Spawn creator Todd McFarlane has been talking about making another Spawn movie for years, and at this point I seriously doubt it's going to happen. Back in 2011 he said he was working on a script for the film, and that an Academy Award winning actor was interested in making the film with him. The thing is McFarlane seems to have made no movement on the script at all. In a recent interview with MTV the comic artist basically gave the same answer about the movie that he's been giving for years...
I continue to write a page here and there. As I’ve said before, I’ve got a guy waiting on the sidelines who’s an Academy Award-winning actor who phones every three weeks going ‘Todd, where’s the script? Where’s the script?’… He came out to the office, he gave me his pitch, I gave him my pitch, and he’s like ‘Fine, let’s do your gig.’ The pitch I gave him was that we could then do, like, ten of these for the next ten years, and he wouldn’t have to be 22 for the rest of his life.

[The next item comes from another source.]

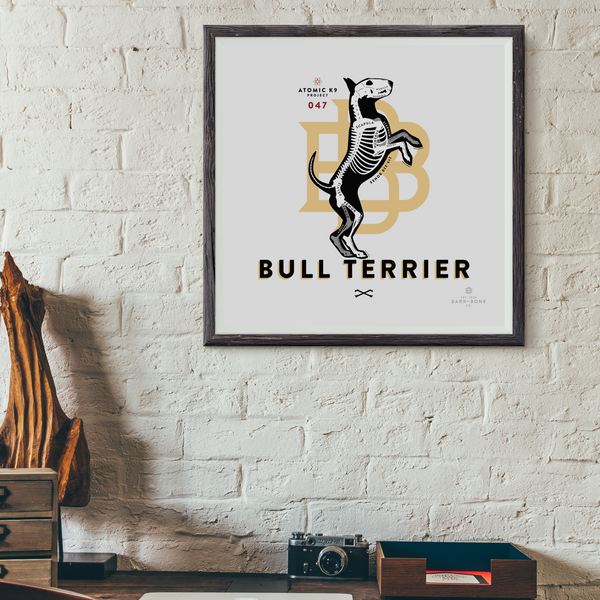 Bull Terrier Bone Print- 12" x 12"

The plan would be to do the movie, bring the movie out and then go back on TV with the animation like we did the first time. But the cool thing with the animation is we’ve got 90 minutes all set, ready to go, other than just sending it to an animation house. We’ve done all the voice recordings, we’ve done all the backgrounds and everything. So the technology is way better than it was a decade ago. and there’s some spectacular stuff that we can now do when we bring it back that we were never able to do on HBO.
Well then do it already!!! All we've heard is talk, lets see some action! I want to see another Spawn movie, something better, and I'd love to see another animated series, so just do it. The only thing stopping these productions from happening is McFarlane.
As for the actor interested in the role, if I had to make an educated guess, I'd say it's Jamie Foxx that wants to get in on the action. For those of you who want to know what his new movie approach for the character is, here's some details he gave in a previous interview. I actually think it could be pretty amazing. Too bad it's never going to happen.
I’ve always seen Spawn as being cut from a different cloth. It’s more of an urban, psychological story that’s being told. The answer I’ve given the last few years is that Spawn should be a small-budget movie in which the only thing that’s out of the ordinary is this thing that intellectually we know as Spawn and there would only be a handful of people that see it. I call it “it” because it never talks, it’s just a force of nature. Really, the story revolves around the people who are trying to decide: “Is the ghost alive? Is the shadow actually moving?” When I give that pitch, some of the executives scratch their heads. To a lot of people, a movie where the [title] character doesn’t talk doesn’t make any sense. There have been a few movies like that. Alien, you know, that guy didn’t say much. Or Jaws, the shark didn’t have too many speaking lines. Jaws is the closest example, the movie wasn’t about the shark, it’s about the people chasing the shark.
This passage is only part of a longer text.